AES: a question about dual ciphers and security

Question

I have recently learned of dual ciphers, in particular dual ciphers of AES. It seems there are many. Most of my information comes from:(1) Representations and Rijndael Descriptions.

In this paper the authors (which includes one of the designers of AES) discuss $256!$ equivalent ciphers of which $2^{62}$ are useful (4.1 and 4.2).

1. if dual ciphers are equivalent can we assume they are all just as secure?

Another paper (2) In How Many ways Can You Write Rijndael discusses different types of dual ciphers, such as Log Dual Ciphers and Square Dual Ciphers.

2. This paper refers to trivial dual ciphers, could anyone give a simple example using a very basic cipher? I could not understand the explanation in the paper.

In sec. 4 of paper (2) they mention changing the irreducible polynomial (there are 30 with each having 8 square dual ciphers, giving a total of 240 dual ciphers).
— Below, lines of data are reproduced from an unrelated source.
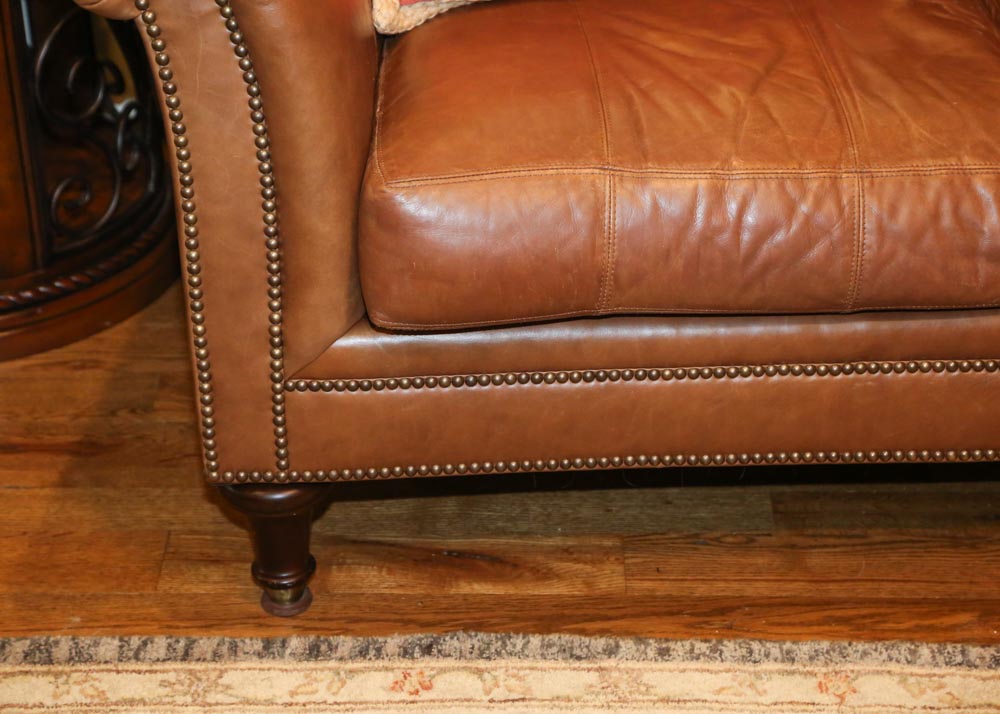 Leather Sofa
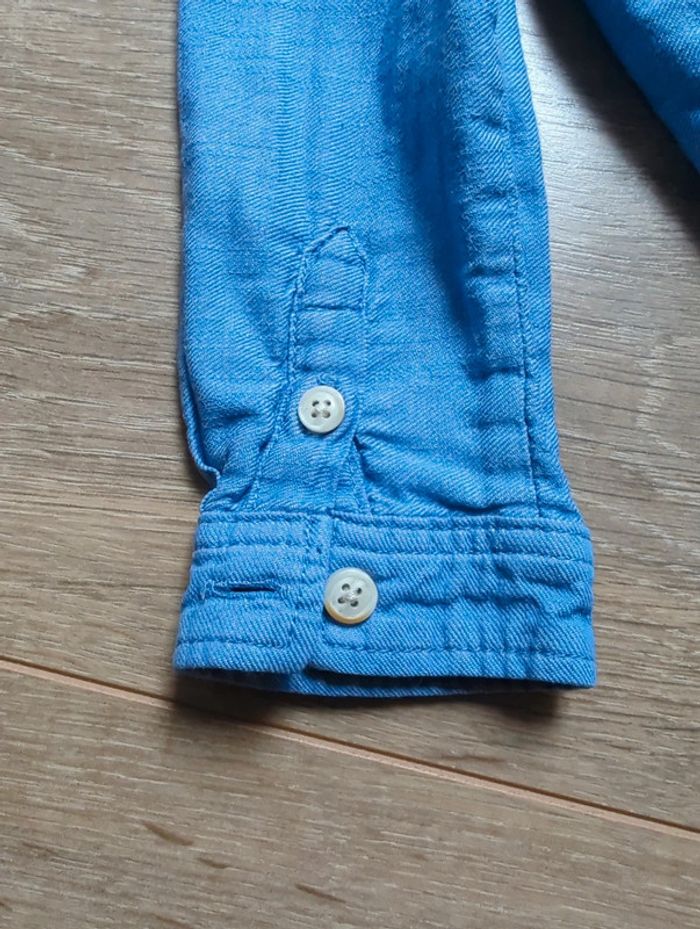 Chemise manches longues 12 mois - photo numéro 7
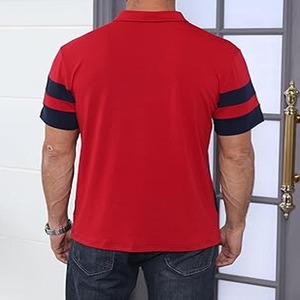 Camiseta Polo Blanca Personalizada Directo de Fábrica para Hombre, Camisetas Polo para Hombre Baratas al por Mayor, Cargadas por Dress Sports - Product Image 6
3. If we used a different irreducible polynomial for each round of AES to create a kind of multi-dual cipher (my own term), would that make it harder to cryptanalyse and therefore stronger against DCA and LCA? If so, could we use fewer rounds whilst retaining the same level of security?
4. And, further to 3. above, what if each round's irreducible polynomial were chosen at random and were changed for each full encryption? Again, would this allow for fewer rounds whilst retaining the same level (or at least adequate) security?
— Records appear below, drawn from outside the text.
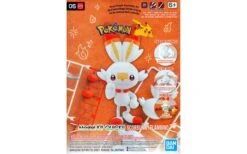 Pokemon Model Kit: Quick!! #05 Scorbunny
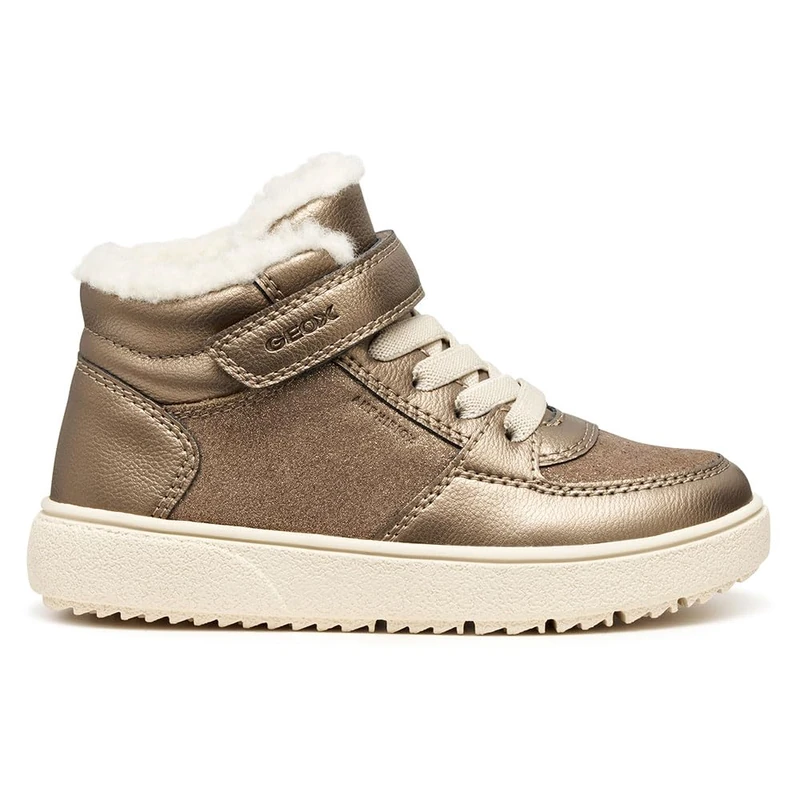 Geox Junior J Theleven Girl B ABX Sneakers Smoke Grey 24_EU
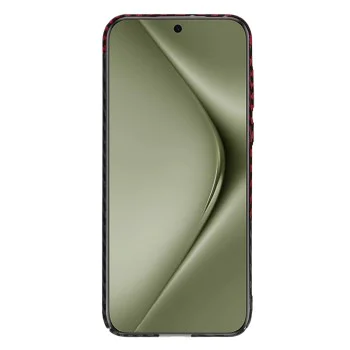 Калъф за Huawei Pura 70 Ultra - Carbonite FiberShell - Red Vortex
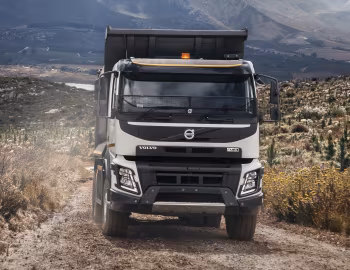Volvo FMX 400 6×4 rigid Day cab with tipper body [RHD] '2013–pr.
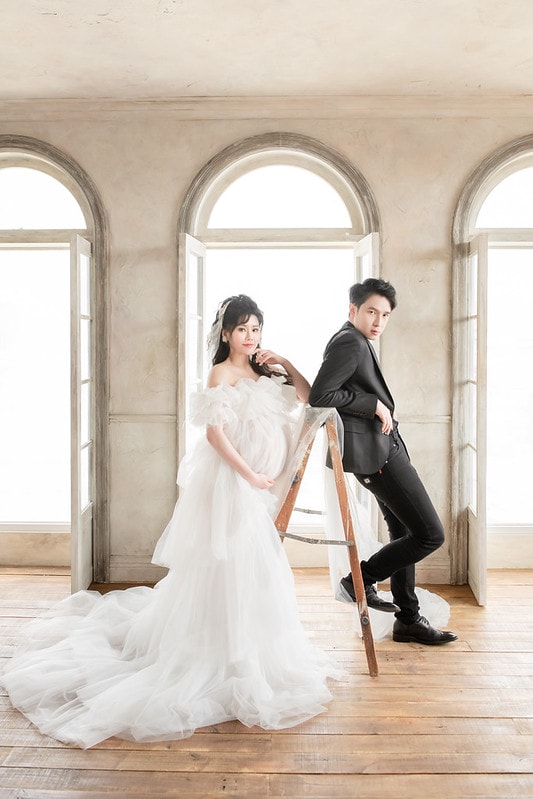 琪琪小姐孕婦寫真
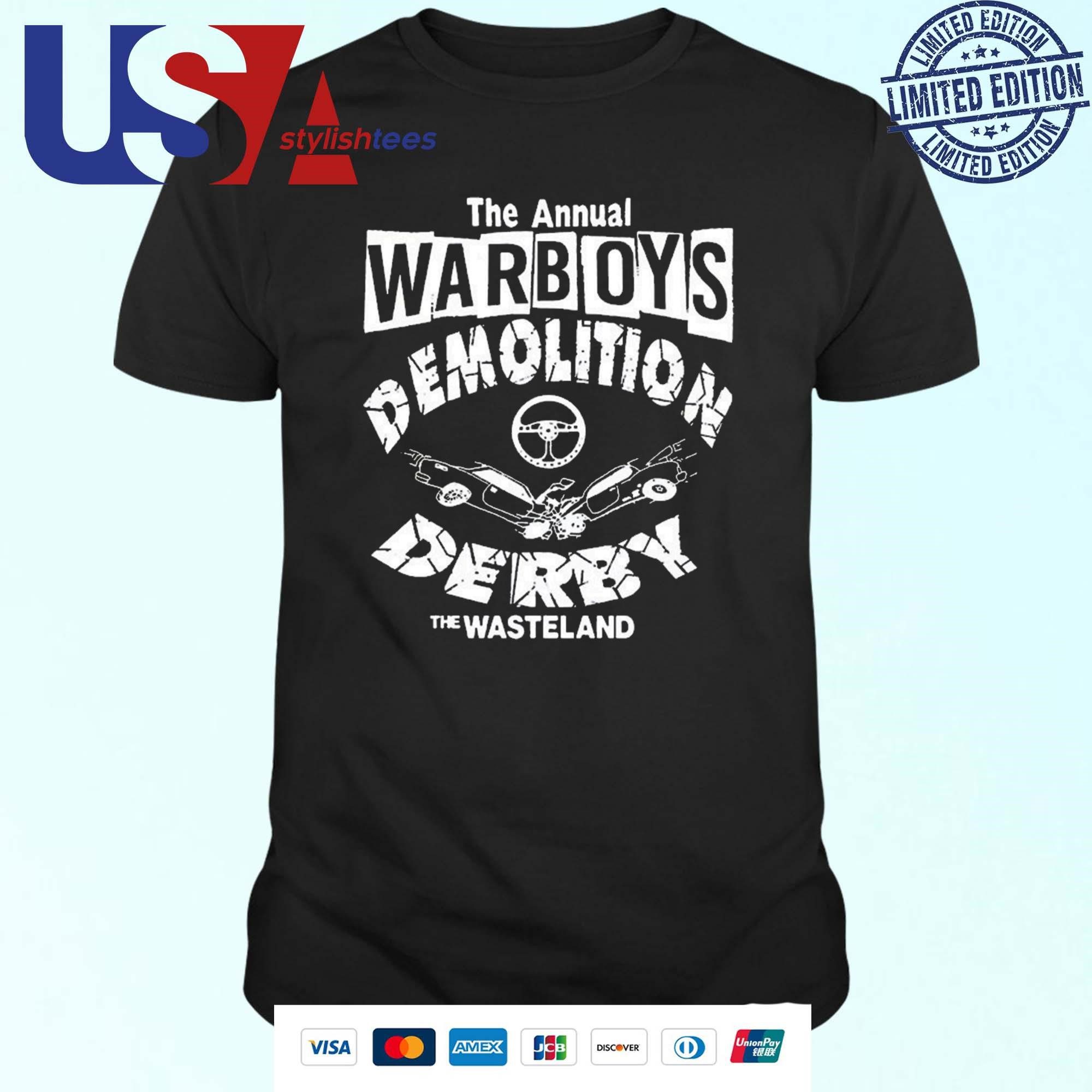 the-annual-warboys-demolition-derby-t-shirt-1 The Annual Warboys Demolition Derby Shirt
I understand that a so-called multi-dual cipher may have huge implementation problems and may slow the cipher considerably, but I am thinking purely in terms of security, i.e. resistance to analyse.

Answer 1

1. Are dual ciphers just as secure? Yes.

   The definition is:

   Two ciphers $E$ and $E'$ are called dual ciphers if they are isomorphic, i.e., if there exist invertible transformations $f(\cdot)$, $g(\cdot)$, $h(\cdot)$ such that $$\forall P, K \quad f(E_K(P)) = E'_{g(K)}(h(P)).$$

   Note that $f$, $g$, and $h$ are independent of the key and plaintext. If you had a random algorithm $\mathcal A(F)$ that can distinguish $P \mapsto E_K(P)$ from $P \mapsto U$ for uniform random $K$ and $U$ with some probability $p$, then the algorithm $\mathcal A'(F) = \mathcal A(P \mapsto f^{-1}(F(P)))$ distinguishes $P \mapsto f(E_K(P))$ from $P \mapsto U$ for uniform random $K$ and $U$ with the same probability $p$ and negligible additional cost, to evaluate $f^{-1}$.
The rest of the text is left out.